# lost password in os 9.2



## xhrubes (Jan 17, 2006)

Hi,

I have a problem with accessing my computer. I blocked existing user account, but I don't know the password. I still have not DVD-Rom and CD with Mac OS, so I can boot any system. I need bridge user account or change user password for it.

One thing is. I am trying access computer from open firmware, but I don't know how can I delete files from HDD through it.


----------



## Cheryl (Jan 29, 2006)

Assuming it is a Multiple Users password, boot to any CD suitable for that machine (it does not have to be an install CD). Go into the Preferences folder in the System Folder on the hard drive, locate the file named Multi-User Prefs and throw that file away. Then do a normal restart. 

You may be able to accomplish the same access by starting with Extensions Off - boot, immediately hold down the Shift key, keep it held down until you get the Extensions Off message. 
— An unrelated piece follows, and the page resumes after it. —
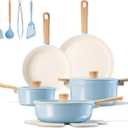 CAROTE 16pcs Ceramic Cookware Set, Pots and Pans Non Stick Kitchen Cookware Sets, Pots and Pans Set Cooking Set with Knife Set (Blue)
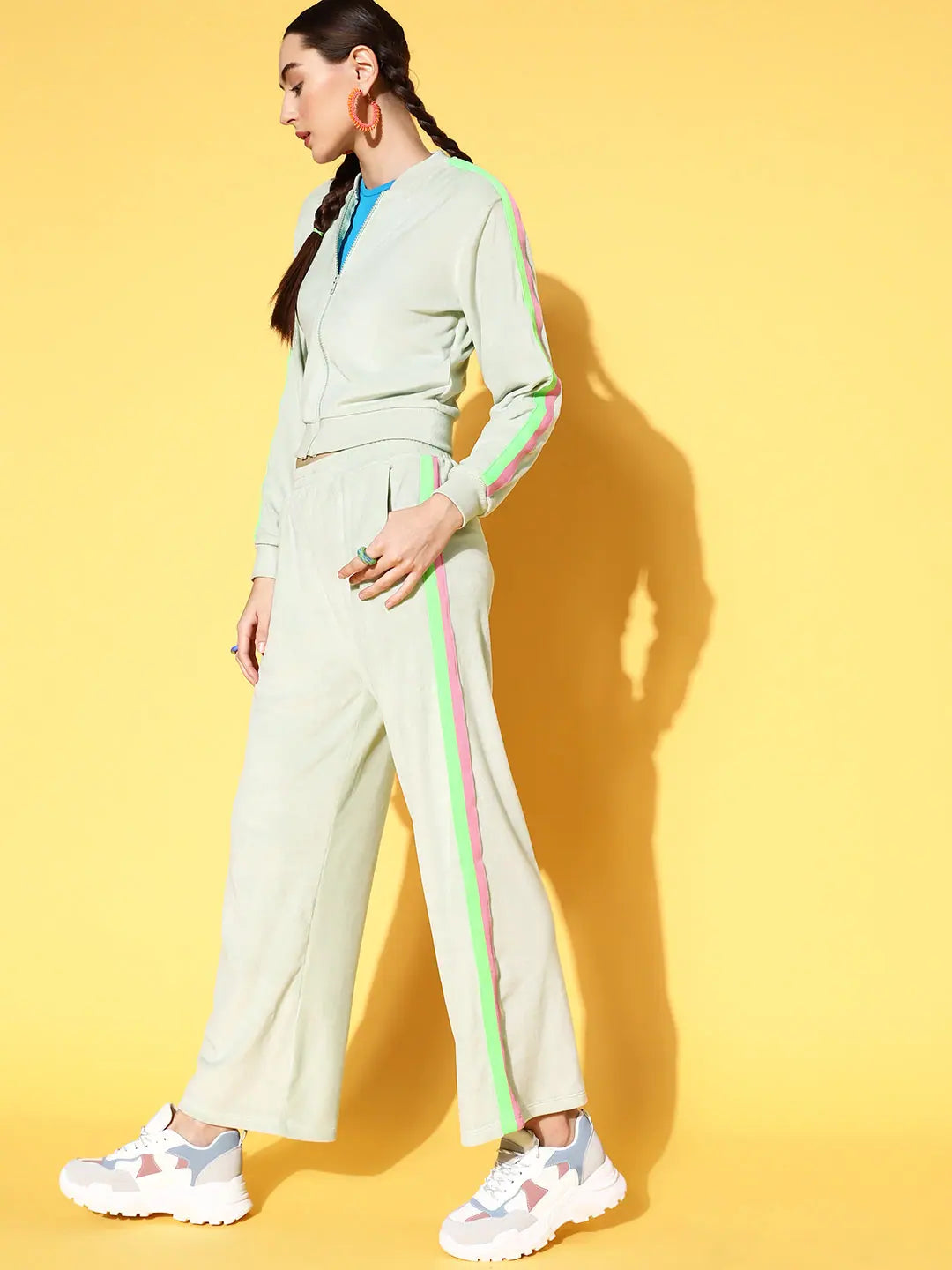 Sea Green Velour Jacket & Track Pants Set - Women's Activewear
Give it a try - but you still should have an OS 9 full install CD!


----------



## giogioforums (Feb 26, 2008)

Thank You Cheryl it worked.
In my case I didn't have a cd and Shift held did not work so
I used MAcDisk program installed on a PC and installed the Mac hard drive in it.
With MacDisk from the PC I could look recover or delete any file I wanted!!!
It worked perfectly!!
G


----------